A key consideration for November 2016 will be who will make the best Commander In Chief through leadership, considered resrtaint, and decisive action when such action is in the essential national interest.

The lack of sufficient numbers of representatives and senators having actual military experience is also one of my concerns. It sometimes helps to have seen a buddy die and to know the real cost of war on military and civilians.

In WWII my wife watched Japanese "soldiers" put men in a hole with only their heads showing while the rest of their bodies were buried, and then put honey on their heads and leave them to die in the burning sun while ants crawled over their heads, only to have the Japanese now complain that we dropped two monstrous bombs to end such bestiality and ultimately save not only our own combatants' lives but those of millions of other civilians most of whom were their own people.

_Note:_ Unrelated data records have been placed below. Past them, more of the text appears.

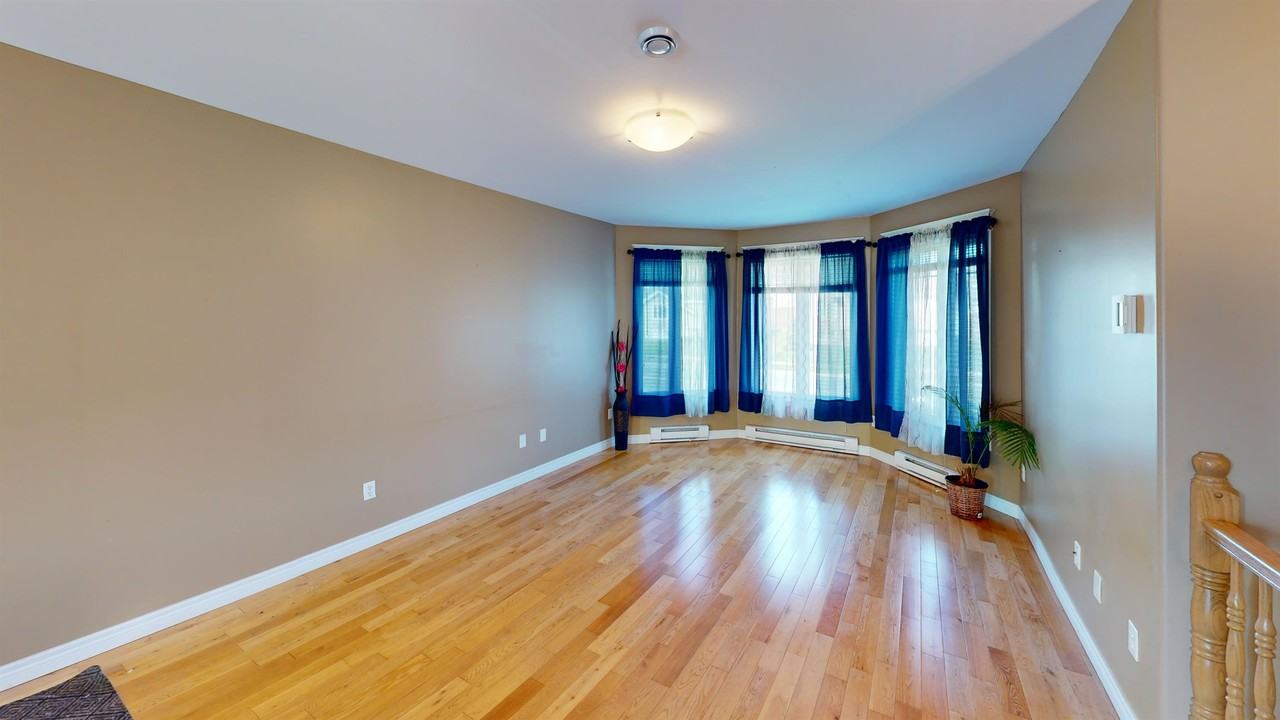 49 Great Eastern Ave #MAIN - Photo 3 of 28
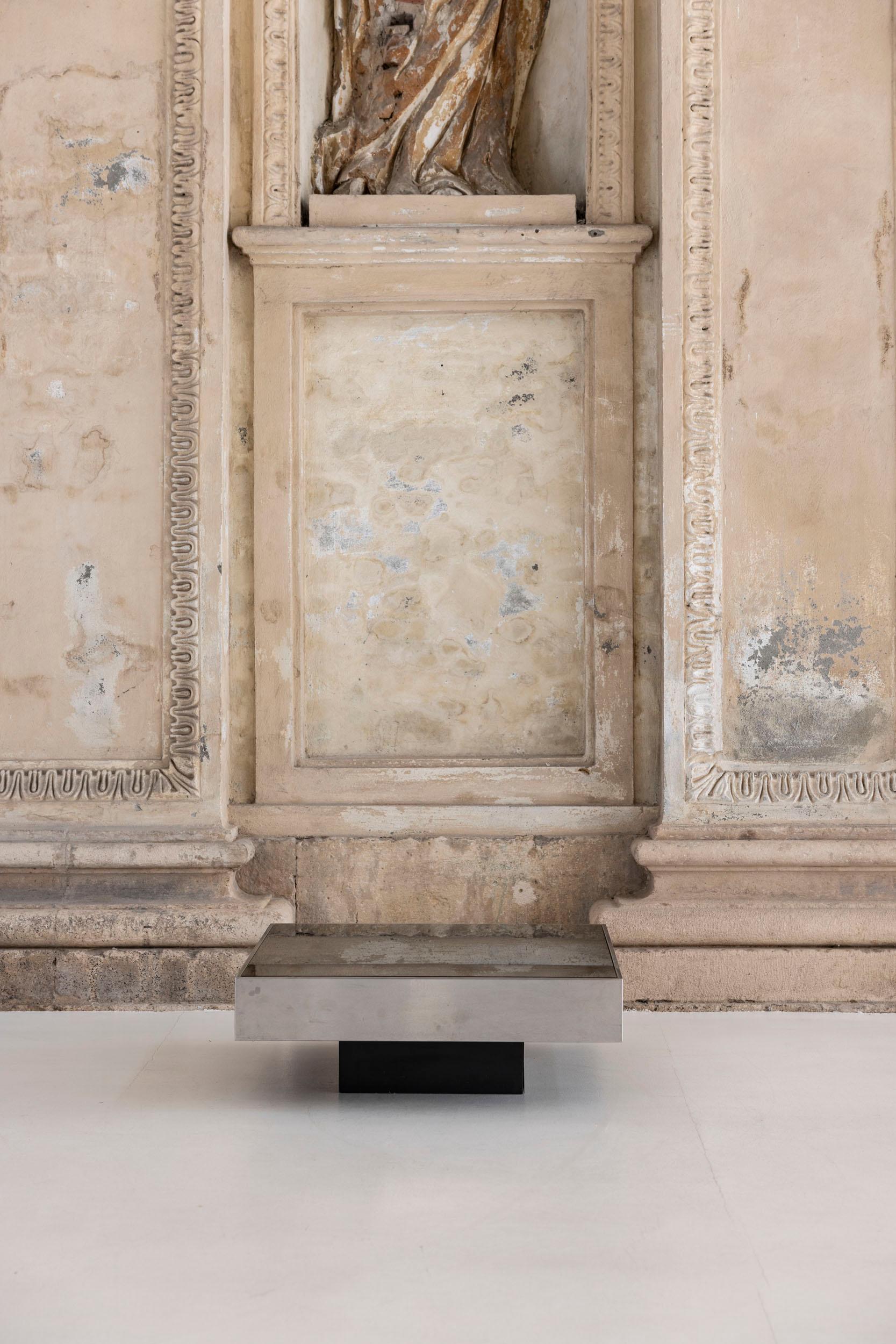 Elégante table basse carrée en miroir de Willy Rizzo pour Cidue, avec un plateau en miroir gris encadré par des bords en acier chromé. 
Sa surface réfléchissante contraste magnifiquement avec la base en bois stratifié noir.
Italie, 1970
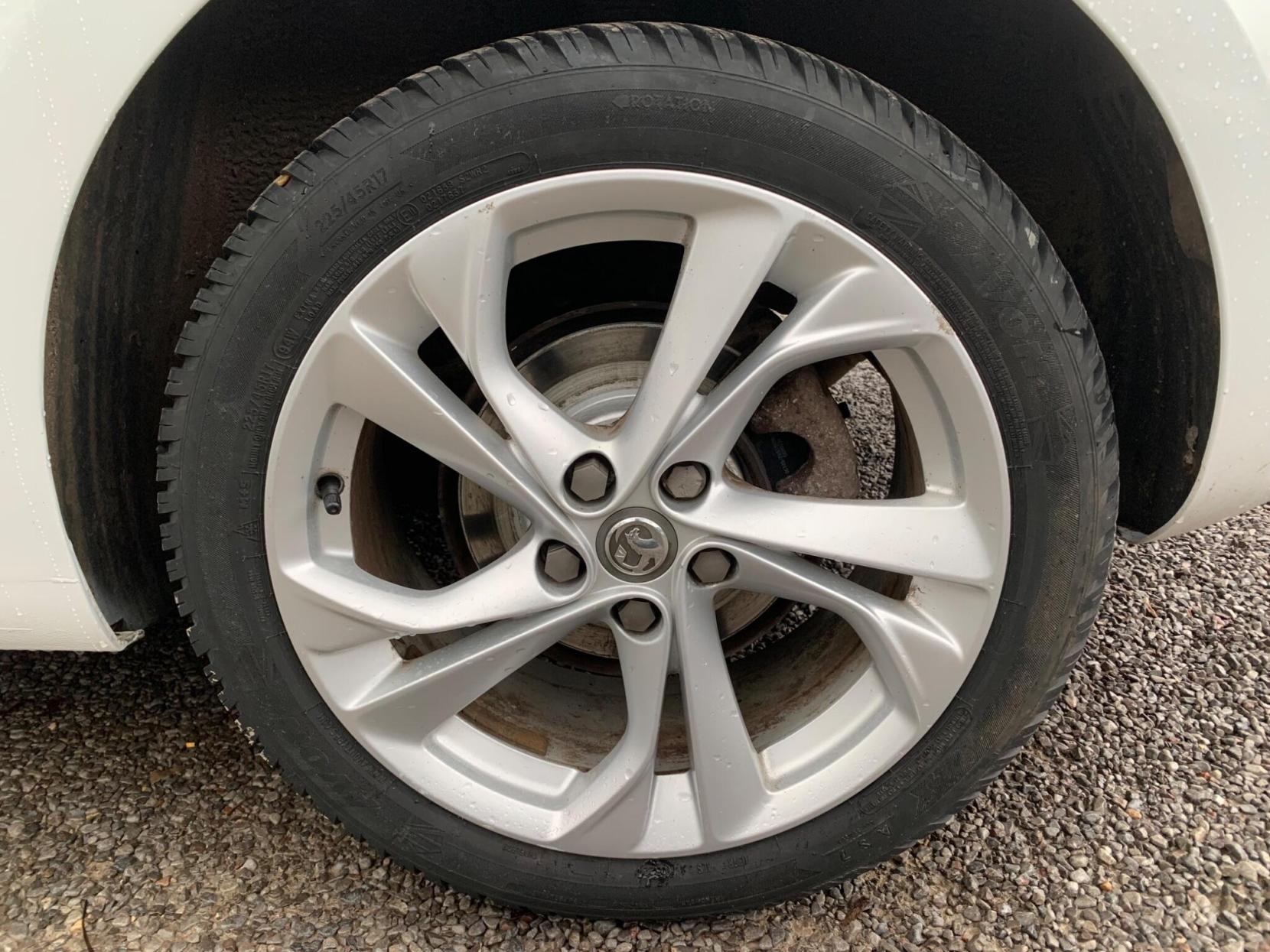 Vauxhall Astra 1.4i Turbo SRi Nav Euro 6 5dr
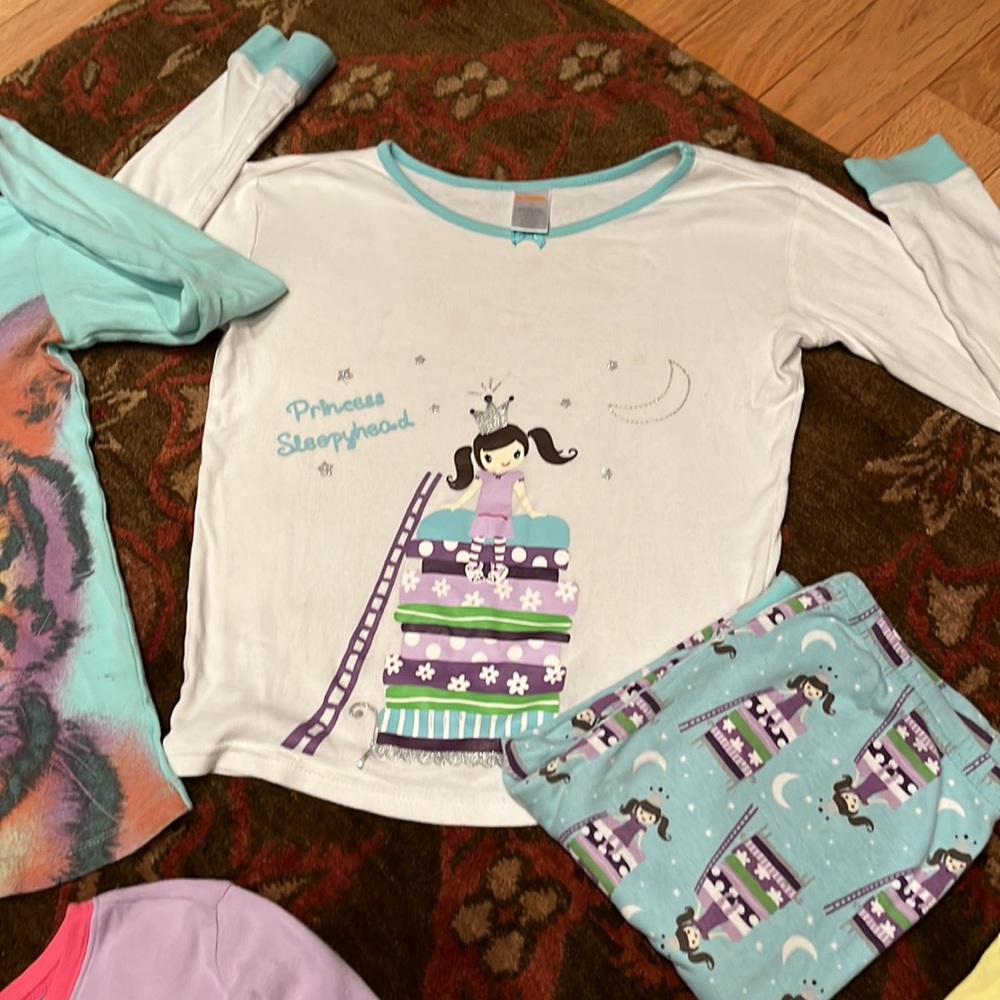 Set of 4 pajamas!! Girls size 12 - Picture 4 of 10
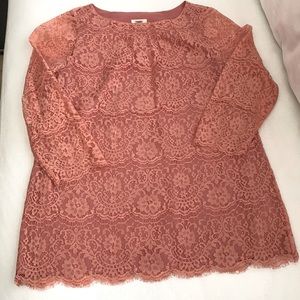 Lace 3/4 length shirt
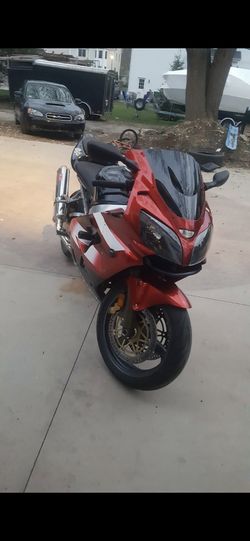 2003 Kawasaki 900 zr 11,100 miles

Certainly we were barbarians, too, fire bombing and burning Tokyo.

Perhaps no one comes away from war with clean hands. So it is terribly important that we choose leaders who can truly understand how to prevent them, as well as how to prosecute them, whenever and wherever war is the last and only recourse.


Kevin Goodwin 15 months ago

I agree with aviannovice that the United States do not honor the brave soldiers who have died while serving our nation so proudly.


Perspycacious profile image

Perspycacious 15 months ago from Today's America and The World Beyond Author

Kevin, I think we do honor them, but for most we honor them as a passing thought, when in fact their sacrifices past and present allow us to continue to enjoy the freedoms we have and to play an essential role in our world.